INDEPTH: FRIENDLY FIRE
Statements issued by Majors William Umbach and Harry Schmidt
CBC News Online | Updated October 22, 2003
Here are key excerpts from statements issued by two U.S. fighter pilots involved in the accidental bombing in Afghanistan that killed four Canadian soldiers and injured eight others in April.
Maj. William Umbach, the flight leader:
U.S. Air Force pilot, Maj. William Umbach, leaves his Article 32 hearing, Tuesday Jan. 21, 2003, at Barksdale Air Force Base, La. (AP Photo/Tony Gutierrez)
"Sgt. Mark Leger, Cpl. Ainsworth Dyer, Pte. Nathan Smith, Pte. Richard Green, Sgt. Loren Ford, Master Cpl. Curtis Hollister, Master Cpl. Stanley Clarke, Cpl. Rene Paquette, Cpl. Brett Perry, Cpl. Brian DeCaire, Cpl. Shane Brennan, Pte. Norman Link: I want to address your family and your friends.
"I want to address your family and your friends. I fear that any words of mine will be weak because nothing that anyone can do can undo what happened. I know that I will never understand the depth of your grief. I also know that those lost and injured were good men who loved their country and heard the call of duty to preserve freedom for all of us."
"They have earned the highest praise: they were patriots, they were true heroes. Know that my family and I hold you all in our hearts. I pray that God will help you in your anguish ... not a day has passed that I have not thought of that night: in the sky, in the darkness and all that has happened since. I deeply regret that this terrible accident has occurred."
"Maj. Schmidt and I were doing our best to protect ourselves in a situation where we honestly believed we were under attack. I hope and pray for your understanding and forgiveness, and that all of the factors that contributed to this tragedy will be made known and fixed so that neither pilots nor their brave brothers-in-arms on the ground are ever in this situation again. If I could turn back time, I would. But since I cannot, I want you to know that I am truly sorry."
U.S. Air Force pilot, Maj. Harry Schmidt, leaves his Article 32 hearing, Tuesday Jan. 21, 2003, at Barksdale Air Force Base, La. (AP Photo/Tony Gutierrez)
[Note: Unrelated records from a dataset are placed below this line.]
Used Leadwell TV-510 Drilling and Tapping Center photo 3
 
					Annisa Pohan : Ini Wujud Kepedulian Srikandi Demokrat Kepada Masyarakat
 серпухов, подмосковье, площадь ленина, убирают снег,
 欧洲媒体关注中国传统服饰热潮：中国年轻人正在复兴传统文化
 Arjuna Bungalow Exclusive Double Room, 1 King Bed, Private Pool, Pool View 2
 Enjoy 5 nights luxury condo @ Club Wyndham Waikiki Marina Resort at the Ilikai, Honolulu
Maj. Harry Schmidt, the wingman, who dropped the bomb:
"I would like to say first and foremost that I sincerely regret the accident that occurred ... My heart goes out to the families of the men killed and injured in what can only be described as a tragic accident in `the fog of war'. The accident was truly unfortunate and I am sorry that it happened."
"I was called upon to make a perfect decision in a rapidly unfolding combat environment. I had to make that decision with what I now know, with the acuity of 20/20 hindsight, was imperfect information..."
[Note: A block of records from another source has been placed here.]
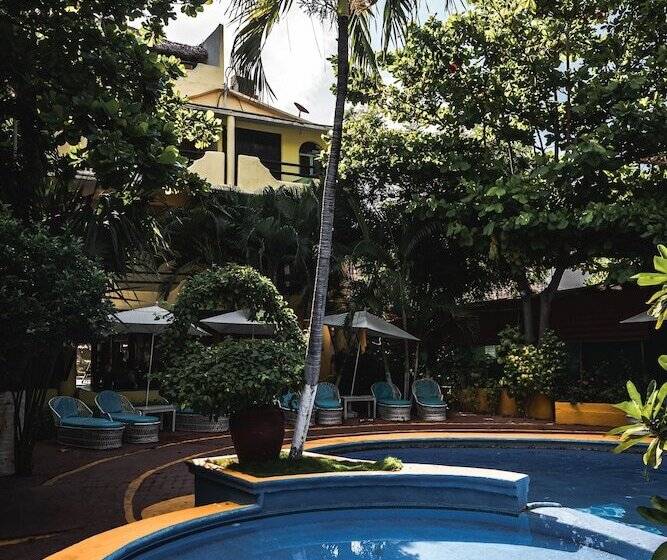 هتل Bungalows Acuario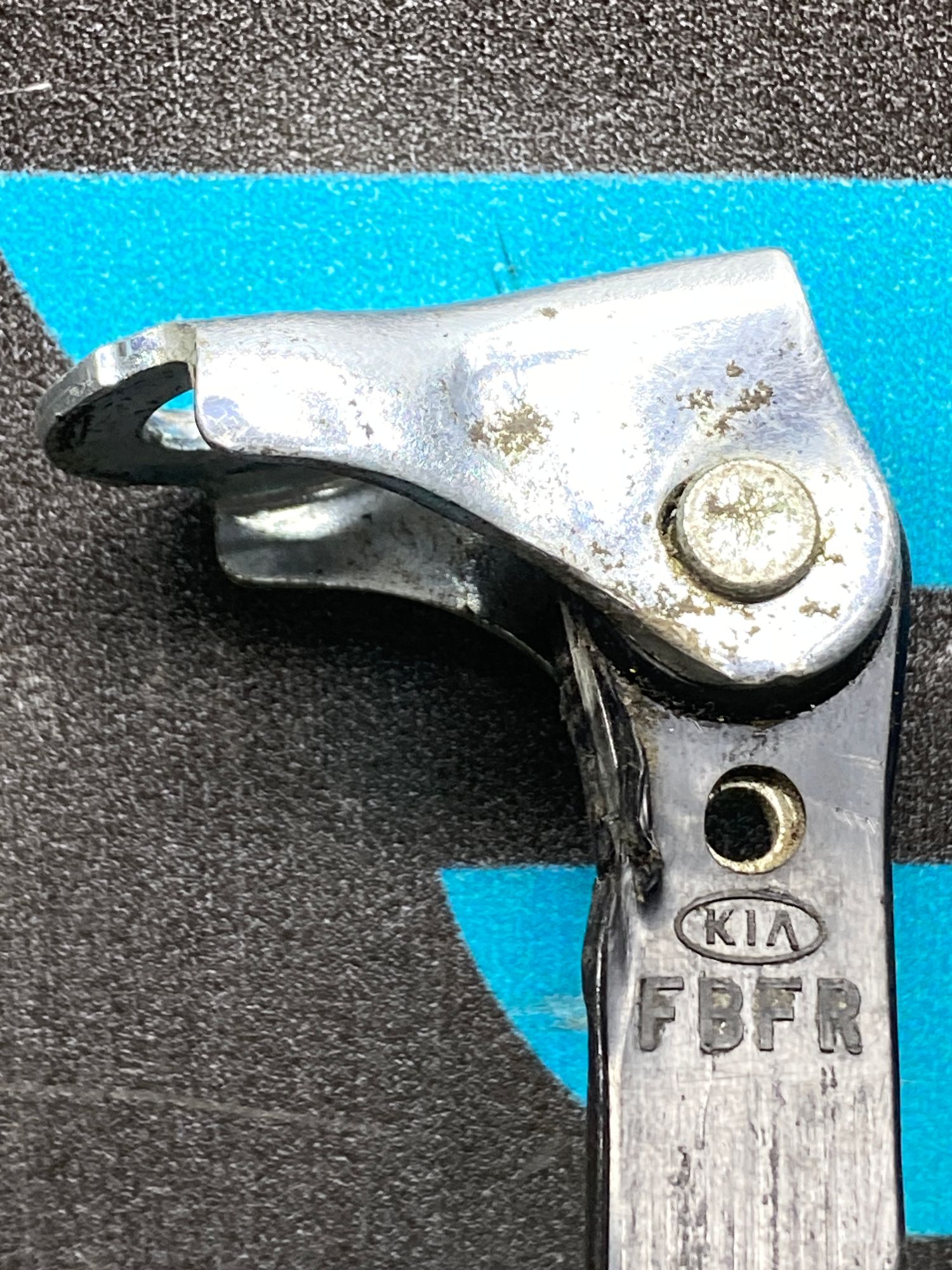 https://ycs.partsauto.market/partsauto-images/thmbs/userImages/c8f07ba63eb5b2f0f6006ea854bf8f7d/part/c4b91f55-a1f7-457c-96d1-0934c265f7f0_1776936634672.jpg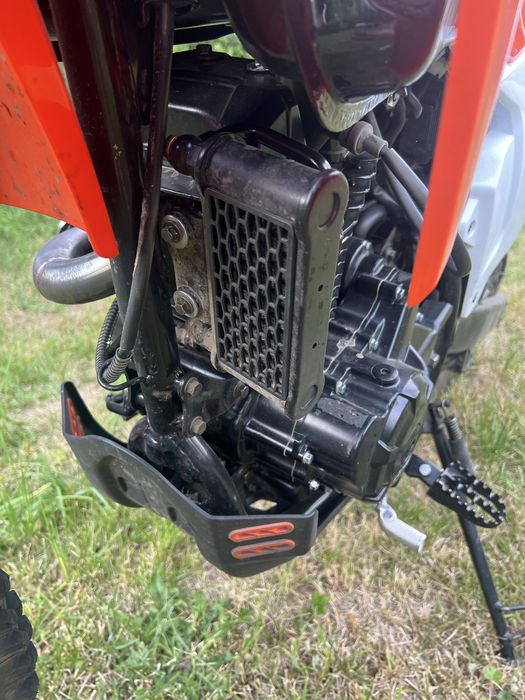 Продам ендуро мотоцикл Exdrive ProFactory 250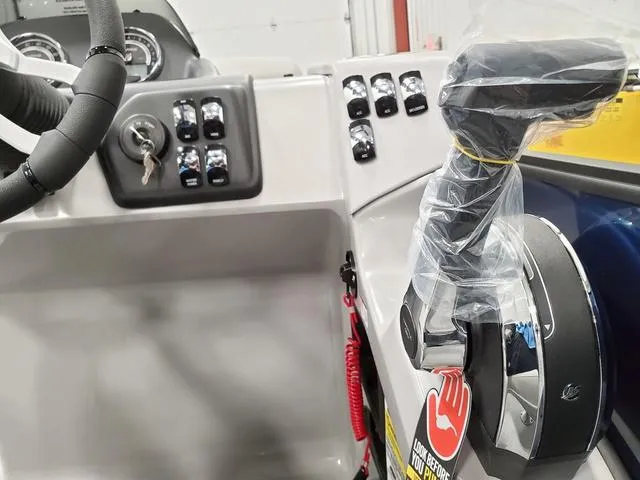 Slide: The Image of Harris CRUISER 230 SL 2025 - 22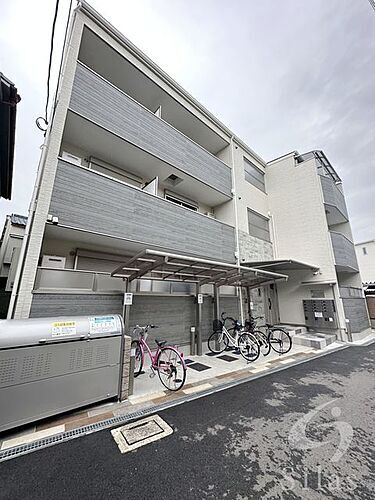 大阪府門真市石原町 3階建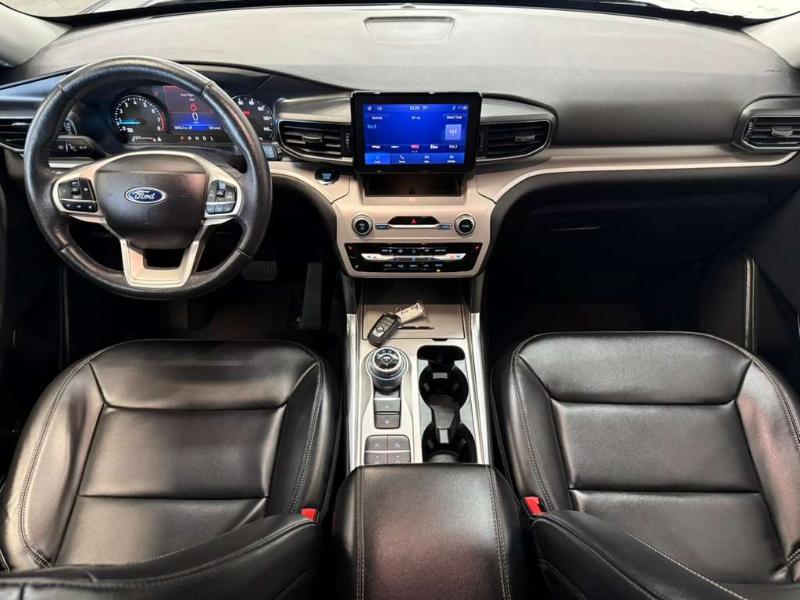 Ford Explorer XLT 2023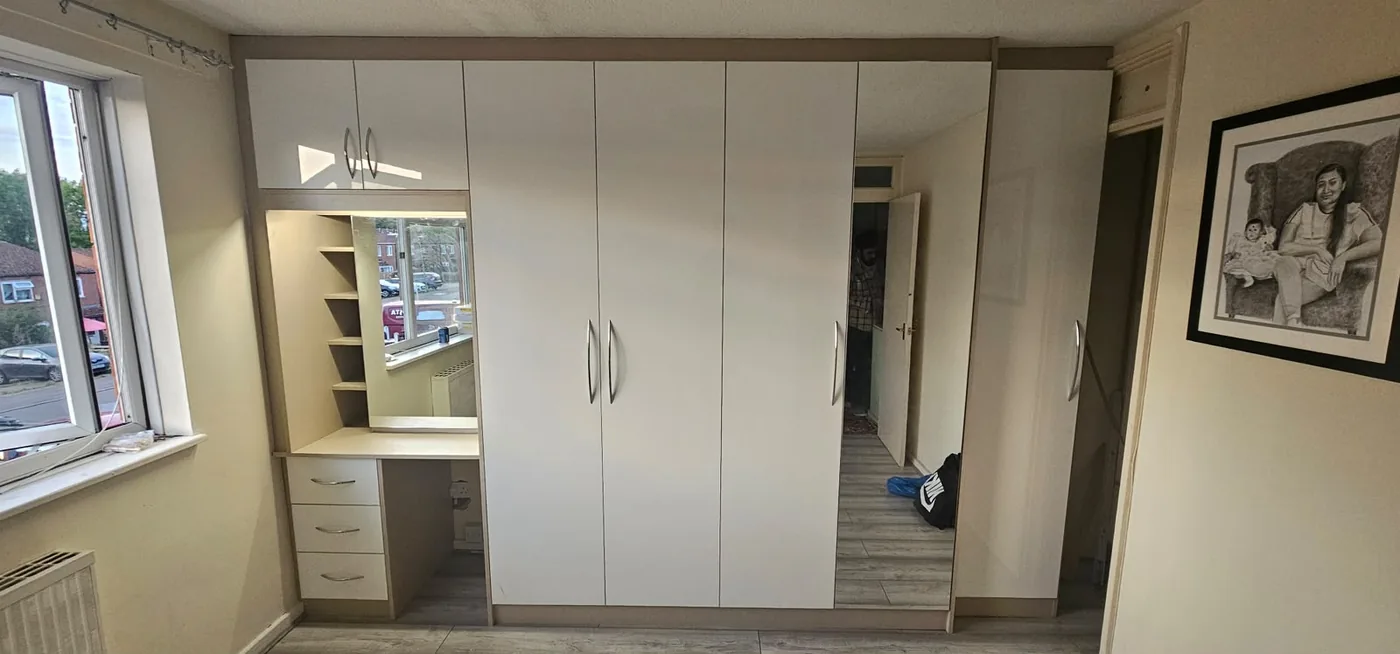 Mushroom gloss wardrobe · matching dressing table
"My perception was that we had been ambushed, as we had been briefed that Taliban were expected to use ambush tactics in and around Kandahar. I believed that the projectiles posed a real and present danger to our flight and specifically to my flight lead...
"While I was assigned to the 332 Aerospace Expeditionary Group, I was never alerted to the possibility of live-fire training being conducted in the war zone. Further, at no time prior to our mission on 17 April 2002 were we briefed of a live-fire exercise at Tarnak Farms or in the vicinity of Kandahar. Nor were we ever advised while airborne by the AWACS command and control platform, or any calls on the Guard frequency, that there was a live-fire exercise ongoing anywhere in the war zone. Because such an event in a combat area would have been so unusual and unexpected, information about such training would be the type of information we would note so that we could avoid it. This lack of information is the one link in the chain, which if corrected, would surely have avoided this accident...
"I attempted to use warning shots to suppress the threat but I was denied by bossman (the controller on the AWAC -- or Airbourne Warning and Control System -- aircraft). I finally communicated to bossman that I was engaging in self-defence because my flight lead was at risk of being shot down."
"Finally, I would like to tell the families of Sgt. Leger, Cpl. Dyer, Pte. Green and Pte. Smith that I am deeply sorry for what happened ... I will always regret what happened that night. Next, I apologize to each of the men I wounded ... I think about the men who were killed and the men who were injured. As a family man myself with a wife and two young boys, I can only imagine how difficult it is for they and their families to grapple with the fact that these men volunteered to serve their country and were killed in a wartime accident. I sincerely want them to know that my heart goes out to them and that I am truly sorry for their loss."